Limitado margen de actuación
Si una entidad duda de una operativa su capacidad de actuación se encuentra además limitada. Un banco que decida dejar de prestar servicios a un cliente podría enfrentar, incluso, responsabilidades legales si no hay motivos que lo justifique. Tiene que haber una sospecha fundada y comunicada a la autoridad competente antes de que pueda tomar medidas contra un cliente porque la normativa en vigor persigue también evitar cualquier discriminación hacia los clientes, indican las fuentes jurídicas consultadas.
Que los grandes bancos hayan sido utilizados por Irán ha despertado un debate en la City, en esfera política, pero también sobre la operativa del organismo encargado de prevenir y evitar el blanqueo de capitales y la financiación del terrorismo (la Autoridad de Conducta Financiera (FCA). Su intención es analizar los procedimientos para detectar las vulnerabilidades del sistema y poner remedio, con una fecha, incluso, en el calendario fijada para la adopción de medidas.
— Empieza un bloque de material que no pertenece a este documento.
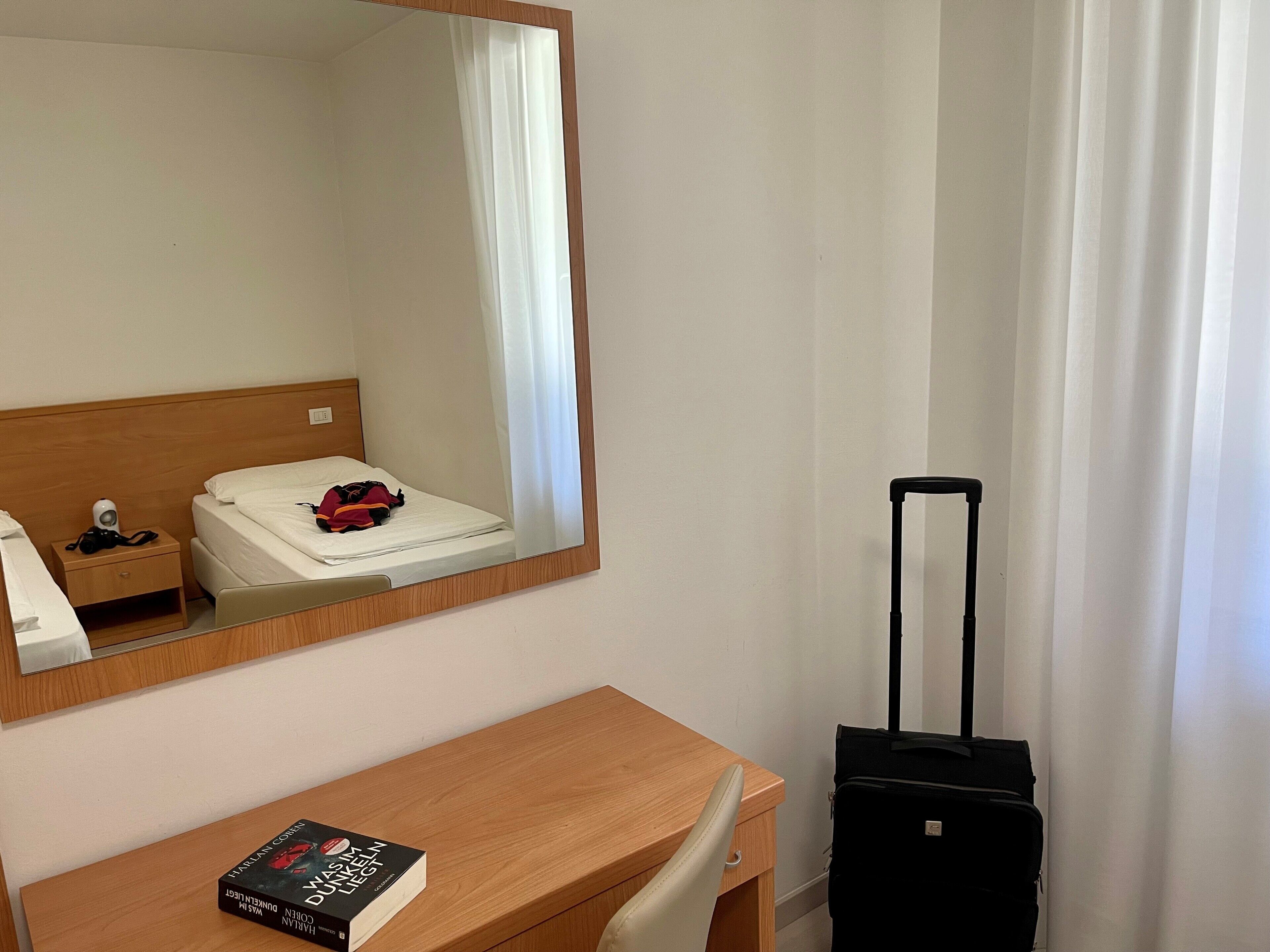 A hotel room with a wooden desk, a black suitcase, a book, and a bed with a white comforter.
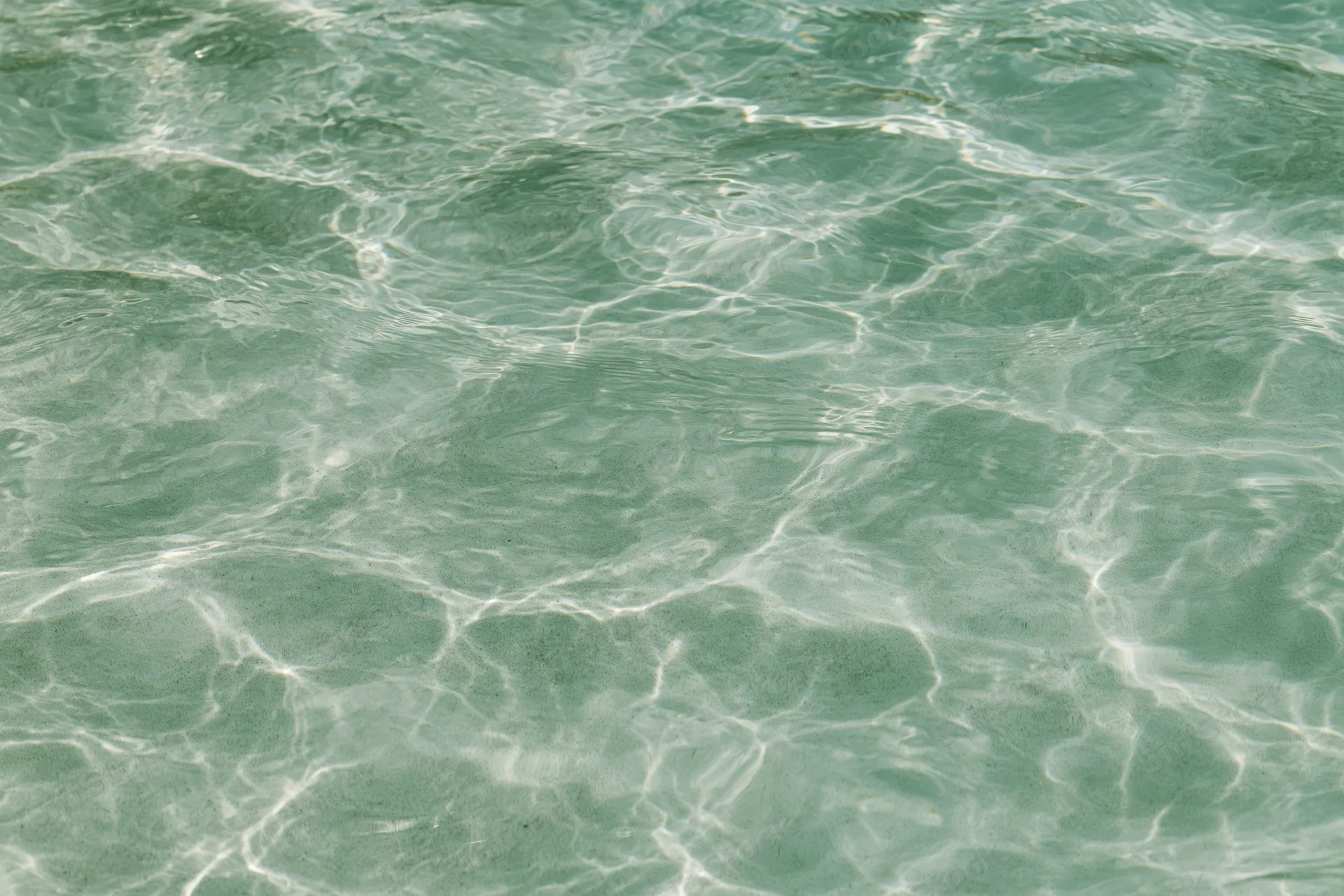 Close-up of rippling shallow pool water surface with light reflections and caustic patterns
Sucesos así dejan en cierto modo desprotegidas a las entidades frente al escrutinio público cuando el cumplimiento efectivo de la norma no les protege, refieren las fuentes consultadas. Incluso, desde la simple óptica de la imagen carecen de margen para gestionar la crisis reputacional porque la ley les impide revelar sus actuaciones, incluso, cuando el cliente y su operativa ha sido descubierto y denunciado por la propia entidad.